On Wednesday, a group of faith and community leaders held a news conference criticizing the protesters that went inside the building.
“The invasion on the mayor’s residence is so troubling to me. Where we live is our sacred space. Where we live, we choose it because that’s the vulnerable space for our families,” said Virginia State Del. Delores McQuinn (D - 70th) “And for someone to invade on the space where someone lives. It just takes all of this to another level.”
“Going to a man’s house in an act of intimidation is not cool in my opinion,” said Richmond's 9th District Councilmember Dr. Michael Jones. “If you all want to have a conversation with him pull up and talk to him. And if not, demand that he talks to you.”
Those at the news conference stressed they were not lumping those individuals with the larger, ongoing protests in the city and added they wanted to work together “hand-in-hand” on issues of injustice and systemic racism.
“We must delineate between these young brothers and sisters and allies that are marching and protesting and doing it the right way,” said Jones. “I’ve been out there. Morning and night. Talking with, walking with, protesting with. It’s not the same people.”

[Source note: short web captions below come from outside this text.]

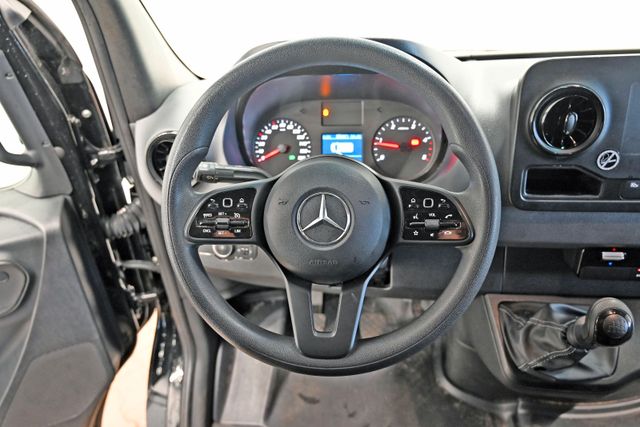 Fahrzeugabbildung Mercedes-Benz Sprinter 317 CDI/43 Maxi Klima MBUX 2023 #74T180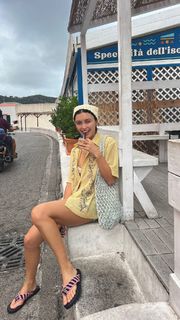 Sarah Ellen feet photo 8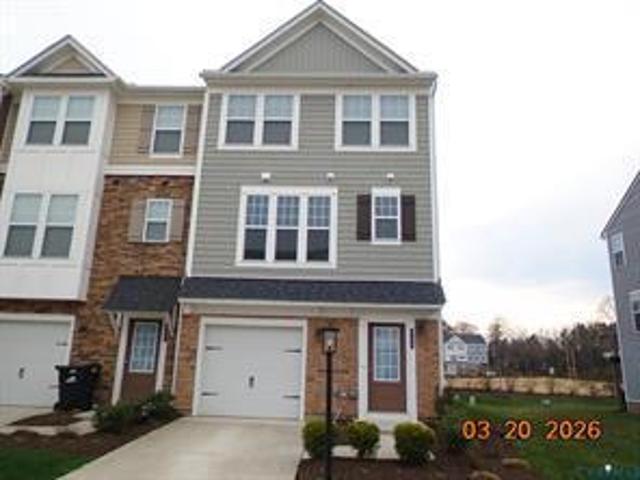 Townhouse for sale in Virginia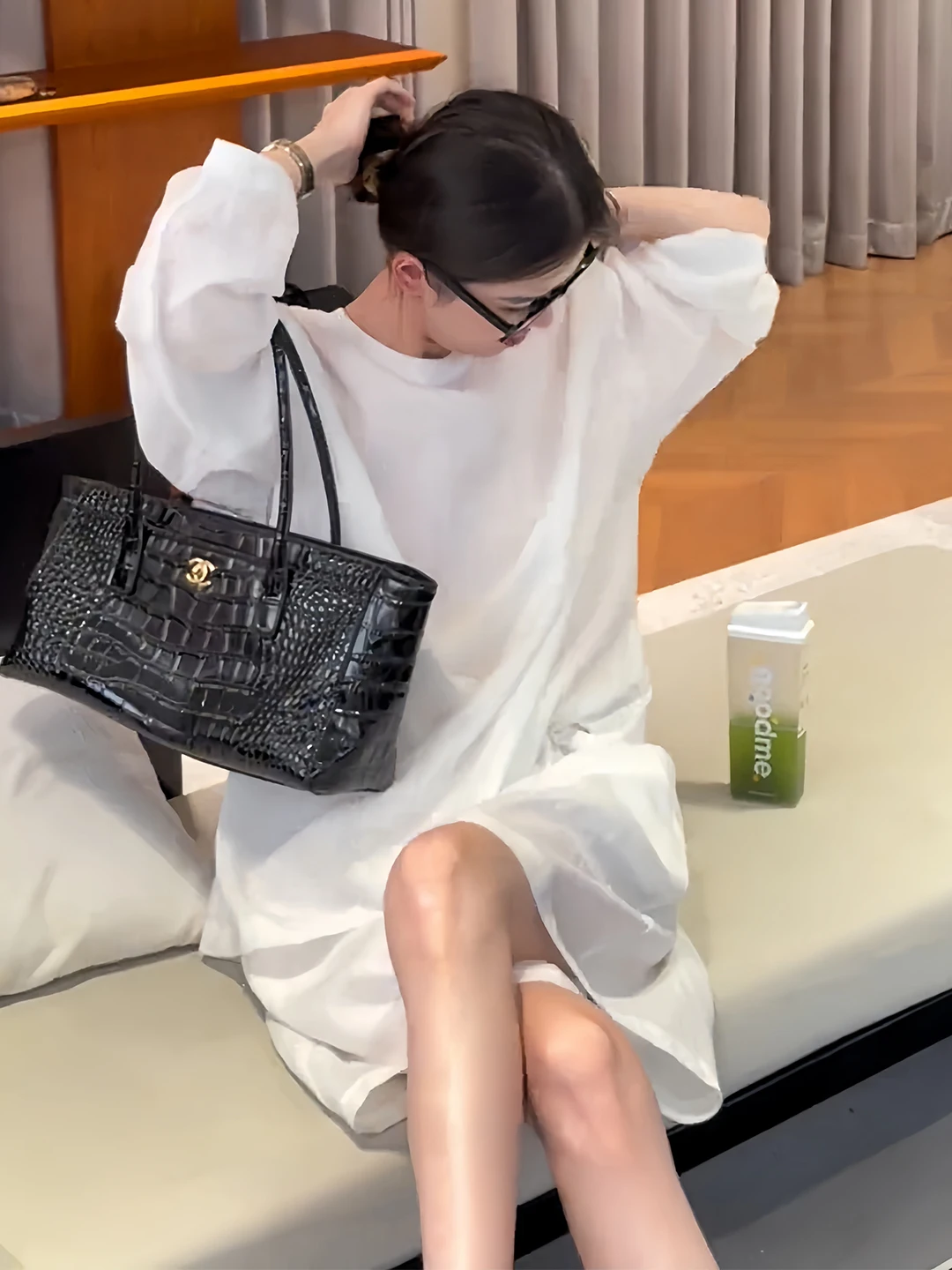 Casual Cotton Linen Set Women Summer Leisure Commute Loose Fit T-Shirt Shorts Two Piece Set Fashionable Elegant Style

“We know that there are good people that are trying to do some things that redress evils that we’ve had for many years and so we are praying that we have the opportunity to come together with a unified agenda in ways in which progress our people. In ways in which we haven’t seen before,” said Rev. F. Todd Gray of Fifth Street Baptist Church.
Some at the news conference also claimed that some of the protesters who entered the building were armed. However, Richmond Police did not mention anyone entering with a firearm and Gatsby said he did not see anyone who was armed. He added he had seen others carrying firearms earlier in the evening, but they were outside of the building.
Other outlets, including the Richmond Times-Dispatch, have reported that a note to residents inside the building stated “no weapons were noticed”.
Gatsby added the comments from the faith leaders stemmed from “inaccurate information” and said he wished that they would spend some nights out with the protesters.
“If they took some time to come out not just in the day, but at night when there is police abuse they can experience what happens on a nightly basis and not just during the day when there’s a more friendly environment,” said Gatsby. “I think if our elected officials, the delegates and city council people came out on a more regular basis, I know they have come out on previous nights, I think that they would understand and wouldn’t jump to rash judgments to stories they hear on the internet.”